On the heels of Mitt Romney claiming that Israel’s cultural “superiority” accounted for the “significant disparity between Israeli and Palestinian living standards,” the author of the best-selling book Guns, Germs and Steel is slamming the presidential hopeful for “misrepresenting” his work to advance that inflammatory theory.

Mitt Romney Jared Diamond

Scientist and author Jared Diamond’s name is abuzz on Twitter after he slammed Mitt Romney in a New York Times op-ed Wednesday for mischaracterizing his best-selling work — Guns, Germs and Steel.

“Mitt’s latest controversial remark, about the role of culture in explaining why some countries are rich and powerful while others are poor and weak, has attracted much comment,” Diamond said. “I was especially interested in his remark because he misrepresented my views and, in contrasting them with another scholar’s arguments, oversimplified the issue.”

Diamond is referring to comments the presidential hopeful made in an essay published on National Review’s online edition Tuesday.

In “Culture Does Matter,” Romney suggests “the choices a society makes about its culture play a role in creating prosperity, and that the significant disparity between Israeli and Palestinian living standards was powerfully influenced by it. In some quarters, that comment became the subject of controversy. But what exactly accounts for prosperity if not culture?”

Let the latest avalanche of foreign policy criticism regarding the presumed GOP nominee ensue!

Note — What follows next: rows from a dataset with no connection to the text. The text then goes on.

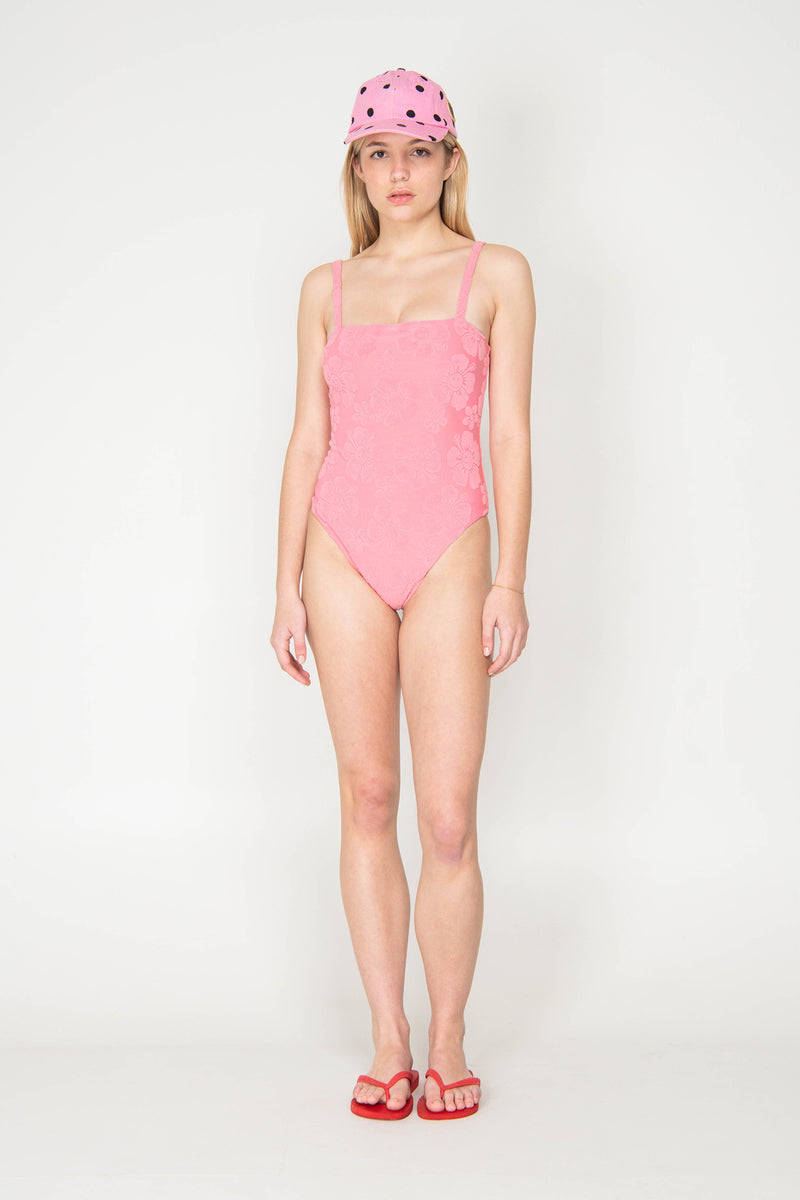 Woman wearing a pink swimsuit and cap on a white background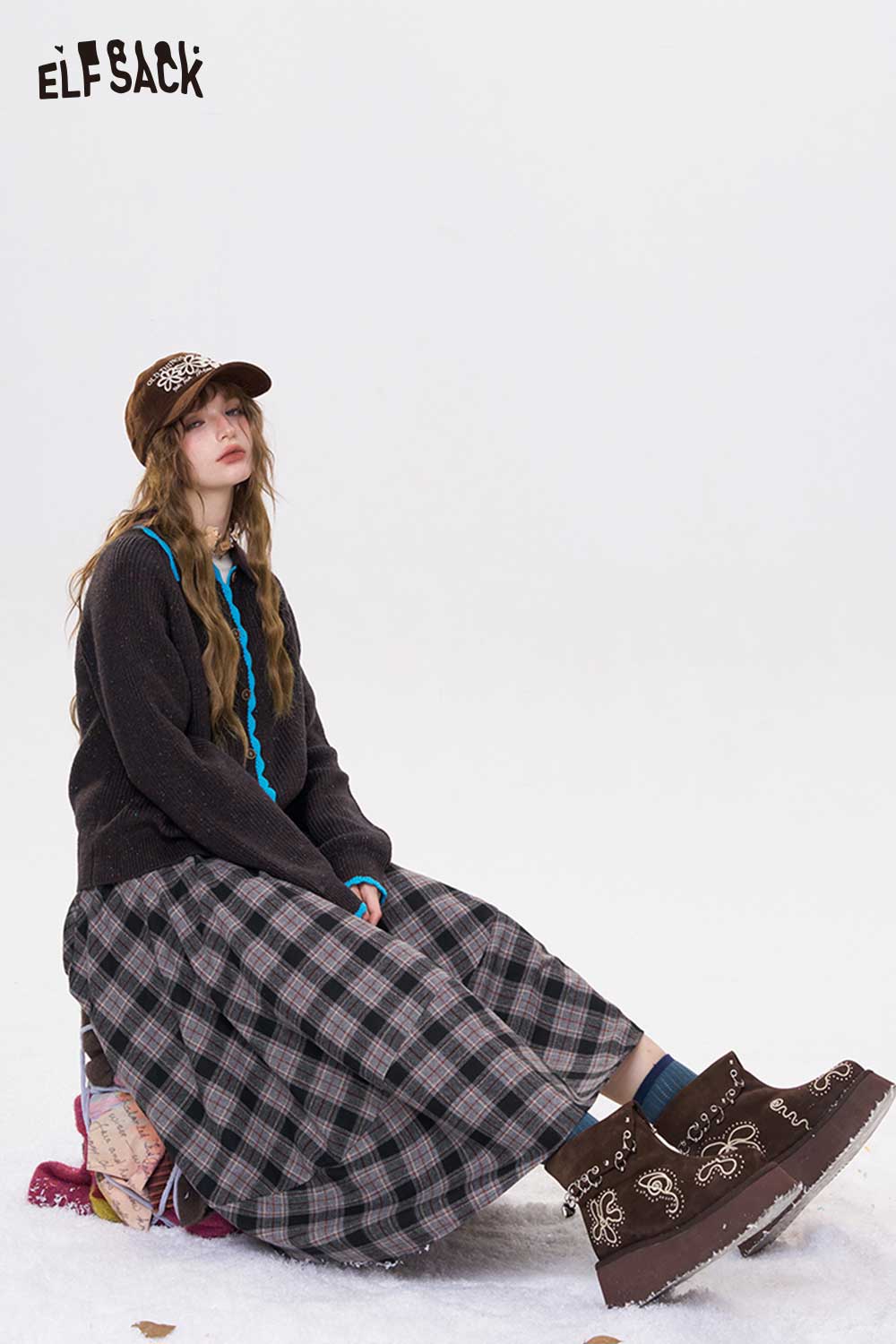 ELFSACK preppy knit cardigan for women styled with a plaid skirt and trendy accessories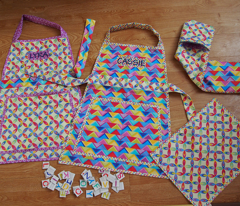 Play kitchen accessories and aprons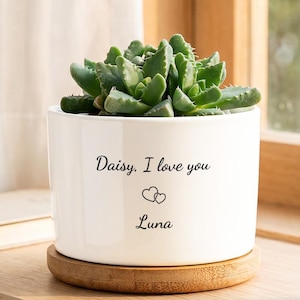 Puede incluir: Una maceta cilíndrica de cerámica blanca que contiene una planta suculenta verde. La maceta presenta el texto impreso en negro "Daisy, I love you" sobre dos pequeños corazones y el nombre "Luna", sobre una base circular de madera.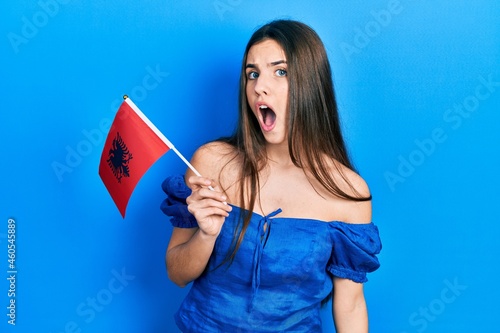 Young brunette teenager holding albania flag scared and amazed with open mouth for surprise  disbelief face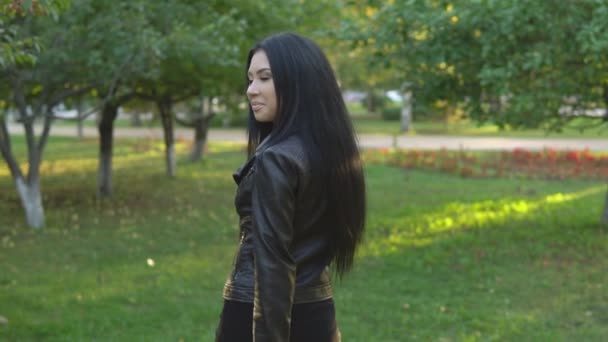 Genç güzel kız yürüyüş ve güneşli yaz park arka plan üzerinde etrafında döner — Stok video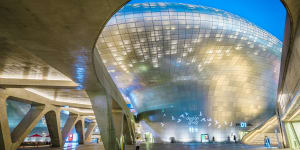 Dongdaemun Design Plaza - a Zaha Hadid-designed curving building of gleaming metal,lights up at night.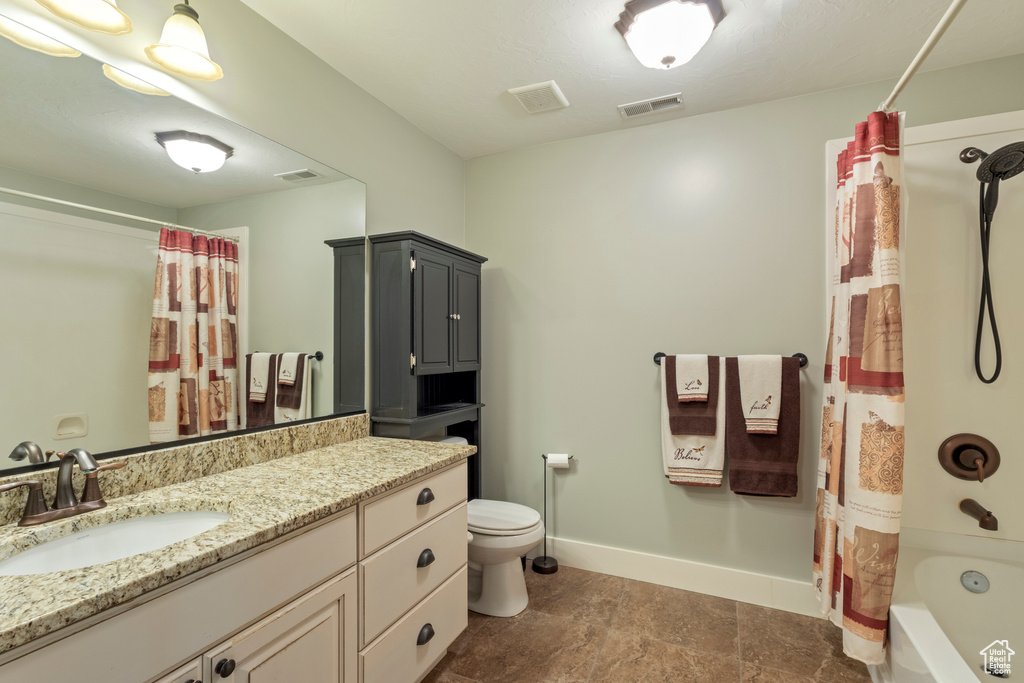 Bathroom with toilet, baseboards, vanity, and shower / bath combination with curtain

“It is not true that my book Guns, Germs and Steel, as Mr. Romney described it in a speech in Jerusalem, ‘basically says the physical characteristics of the land account for the differences in the success of the people that live there. There is iron ore on the land and so forth,'” Diamond writes in the “Romney Hasn’t Done His Homework” editorial. “That is so different from what my book actually says that I have to doubt whether Mr. Romney read it.”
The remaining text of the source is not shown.